We used to say the customary “hi” as we meet our colleagues in the pantry over a morning coffee or while settling on our desk. But we connected way more in the remote set up as we spoke casually, maybe on the way to a kid’s doc appointments, or while taking the dog for a walk or signing off early on a long weekend. I am happy that 2020 help us shed a few of our inhibitions. I hope the world’s health and economy recover quickly, but I hope the trend to behave like a “normal” remains as the new normal with us.
eCommerce boomed in 2020, and consumers started leaving more product reviews online. How can we make the most out of this momentum?
Bless Technology, we have easy access to customer sentiments online and they are publicly available. This is much better than when humans wrote their true feelings on a secret personal dairy or recorded them in a tape recorder. Today’s customer has noticeably short attention span, loves transparency, and has ambitious standards on accessibility for products and services.
Online reviews powered by AI & ML capabilities synthesizes information for us, based on these insights, we need to adapt to change quickly else, we lose our customers to competition. Information exchange is bidirectional now – we are no longer putting up a billboard next to a new highway and waiting the travelers will see and buy your services. Companies today have much greater and faster reach to their customers, so we should reach out, seek out and unlock the potential.
What is your favorite CX metric? Why?
I would pick CSAT, but honestly the type of CX metric does not matter, if it is a superior product, it will shine, and if it’s a bad one, all metrics will reflect the same. Choose the one that best works for our case – it also matters how we gather the metrics. Focus on the sample size, dimensions, and coverage as well.

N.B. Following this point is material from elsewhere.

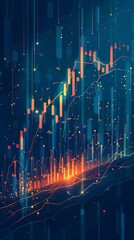 A digital illustration of stock market analysis with candlesticks and trend lines in an abstract style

While sending a feedback form or questionnaire to the customer to review or rate the products could be the first step but have, we picked up the phone and tried calling our own company’s customer care? Have we used the products, services, and systems that we have build for our users and tried to understand the experience we are providing?
Have we tried to do a bulk order and checked operationally how long it takes and how many forms, phones calls do the customer has to make to place that order? If we walk the path ourselves, go through the customer journey, and document the feedback, we can better understand these aspects. Ask the employees on improvement ideas, use the focus group to provide a response, run the AI/ML analytics on online reviews, chat messages, etc. If someone is in the business of serving “Customers,” they can themselves figure it out the trend- what works and what does not.